Stop Kony: Invisible Children’s ‘Kony 2012’ Campaign Gains Criticism
Kony 2012, a 29-minute documentary about Joseph Kony's atrocities in Uganda which went viral on social media, is now gaining criticism.
The video is created by a California-based non-profit organization, the Invisible Children, to draw attention to the Ugandan rebel group's atrocities.
The new video by the organization sheds light on the issue about how the Lord's Resistance Army (LRA) uses child-soldiers from Uganda to fight for them.
Kony, head of the LRA group, has been terrorizing countries like northern Uganda, the Democratic Republic of Congo, South Sudan and Sudan for over 25 years. The LRA group has killed thousands and also kidnapped around 66,000 children to use them as soldiers.
For years Kony has forced boys to kill their parents and kidnapped girls to offer them as rewards to his commanders.
The Kony 2012 campaign aims to make Joseph Kony famous, not to celebrate him, but to raise support for his arrest and set a precedent for international justice.
The documentary has been viewed more than 15 million times since its launch March 5. Even the hashtag #stopkony and Invisible Children has become a trending topic on Twitter since Tuesday.
The organization hopes to gather support for Kony's arrest for crimes against humanity.

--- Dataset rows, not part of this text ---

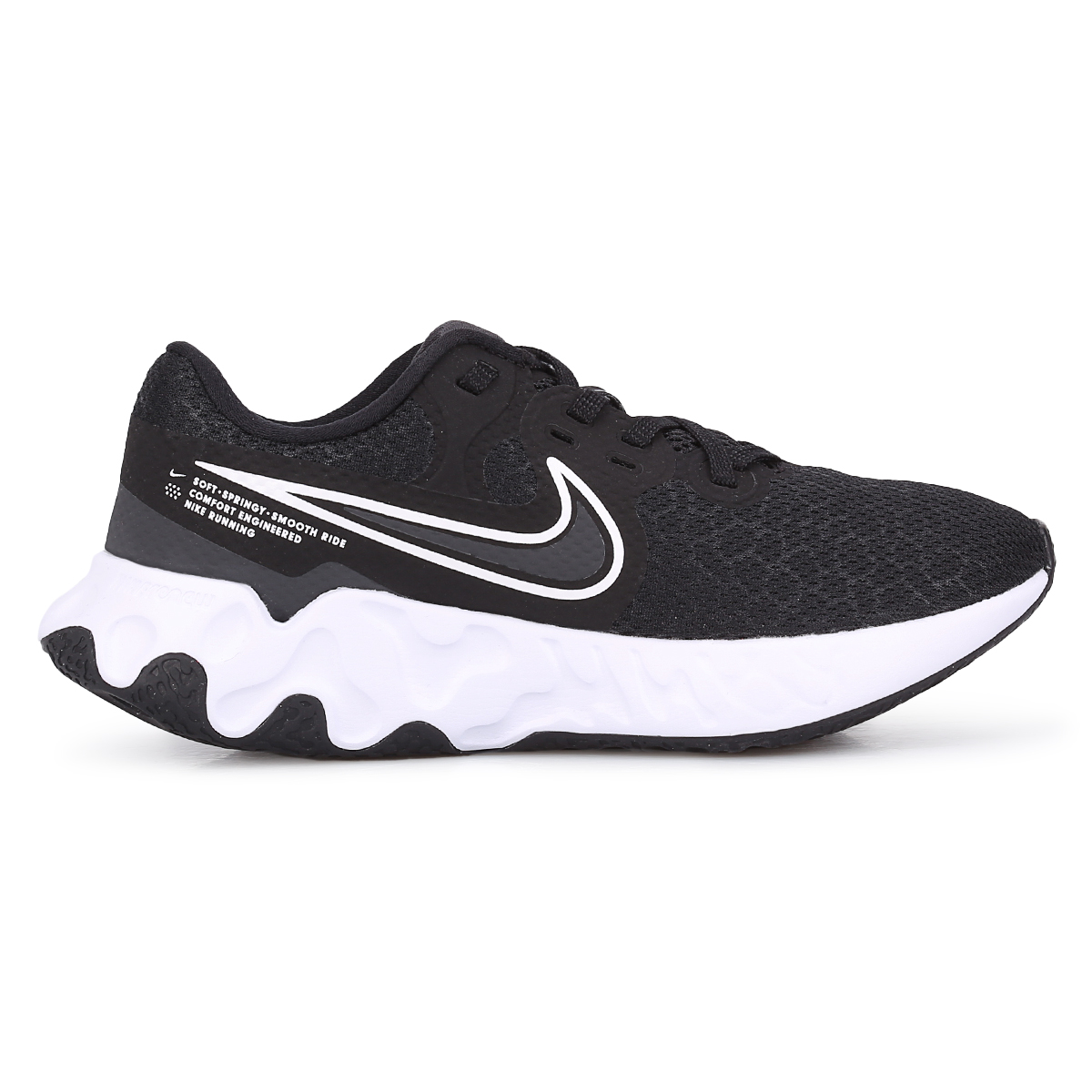 Zapatillas Nike Renew Ride 2,  image number null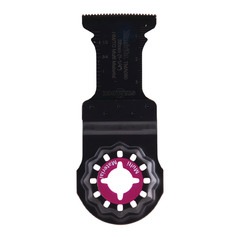 Lâmina de imersão 32 x 40 mm para corte de metal - B-69761 Lâmina de imersão 32 x 40 mm para corte de metal - B-69761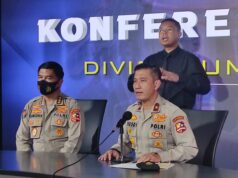 Polri: Pihak Keluarga Sudah Ketahui Penyakit yang Diderita Ustaz Maaher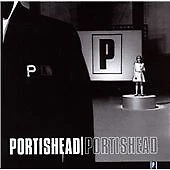 PORTISHEAD - PORTISHEAD  SELF TITLED - NEW / SEALED CD Foto 1 de 1
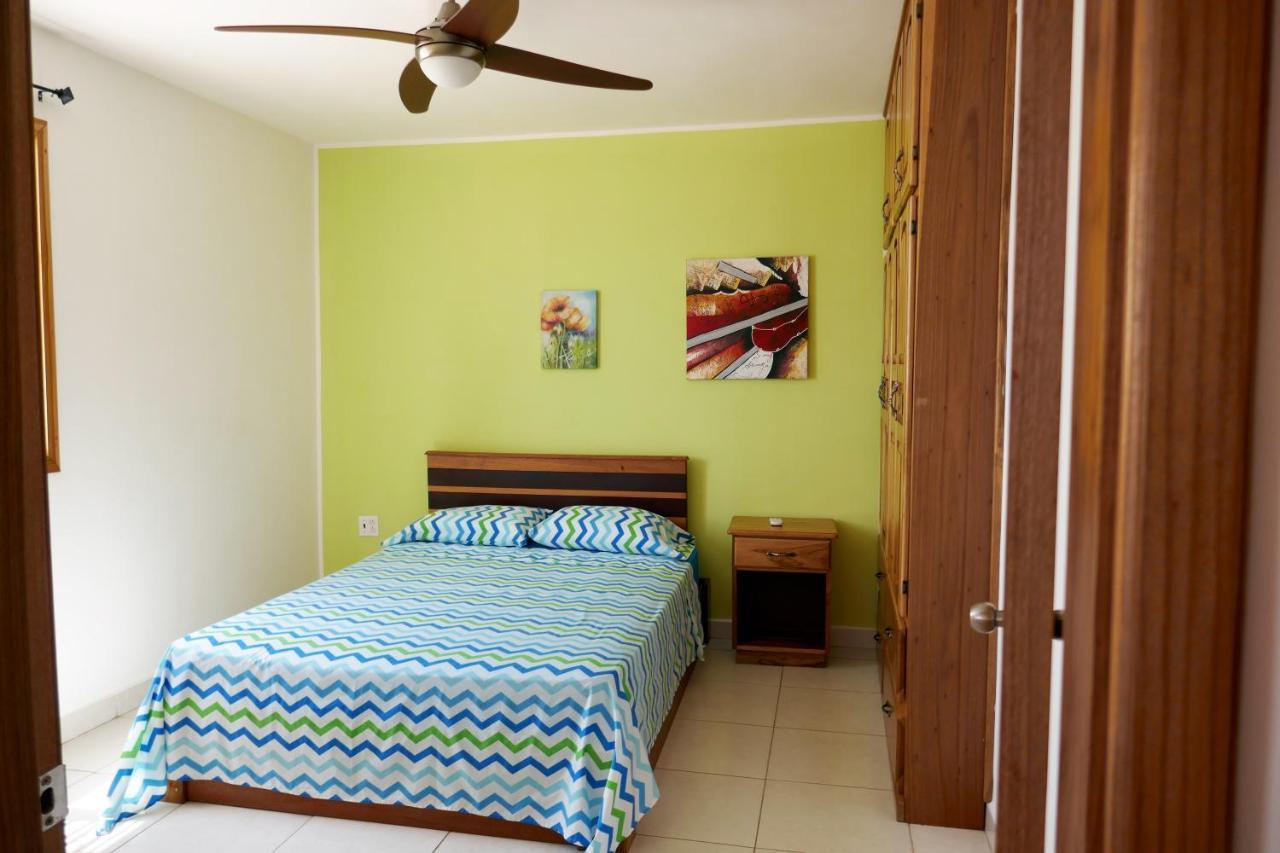 Kevin Kondos Bocas Town Exterior foto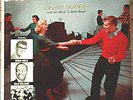ALAN FREED-Rock-Mono-LP record album--1958--Buddy Holly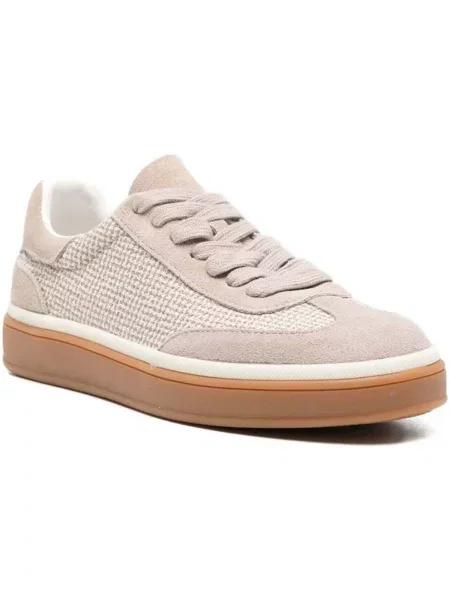 Pantofi Sergio Moretti bej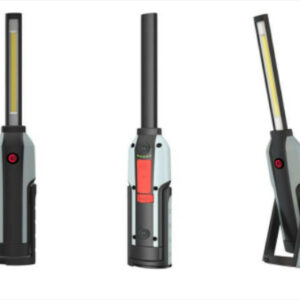 Baladeuse rechargeable C610R ELWIS IP65 TORRO 546819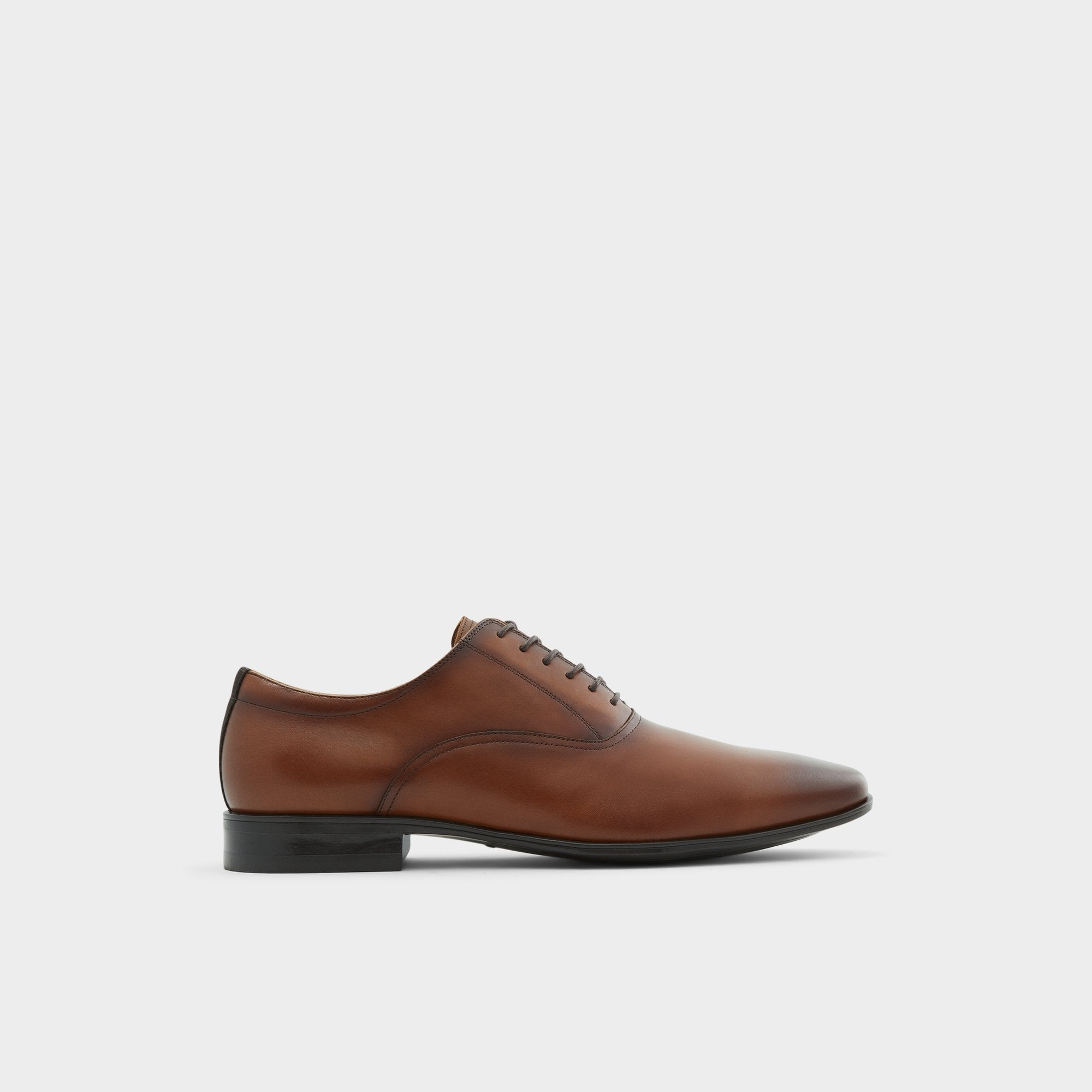 Nathon in Cognac - Oxford shoe | Aldo discount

We are making Kony world news by redefining the propaganda we see all day every day that dictates who and what we pay attention to, director Jason Russell said in the film, before asking for donations for the campaign.
The video has received immense supports from people across the world. However, it has also gained a lot of criticism and questions have been asked about why the campaign is happening now after so many years.
In November last, Foreign Affairs challenged the strategy used by Invisible Children and other nonprofits organizations working against the LRA. Such organizations have manipulated facts for strategic purposes, exaggerating the scale of LRA abductions and murders and emphasizing the LRA's use of innocent children as soldiers, and portraying Kony - a brutal man, to be sure - as uniquely awful, a Kurtz-like embodiment of evil, the magazine reported.
Visible Children, a Tumblr blog created to criticize the campaign has received much attention for questioning the efforts of Invisible Children. The blog, posted Wednesday after the Kony video went viral, states that those social media tactics aren't helping.
These problems are highly complex, not one-dimensional and, frankly, aren't of the nature that can be solved by postering, film-making and changing your Facebook profile picture, as hard as that is to swallow, the blog says.
Jack McDonald, a PhD student from King's college, London, also blamed Invisible Children of trying to crowd-source military intervention.
Joseph Kony deserves to be put in cuffs and dragged before the ICC. Raising the profile of the heinous nature of the guy's crimes is awesome. The idea that popular opinion can be leveraged with viral marketing to induce foreign military intervention is really, really dangerous. It is immoral to try and sell a sanitized vision of foreign intervention that neglects the fact that people will die as a result, he wrote.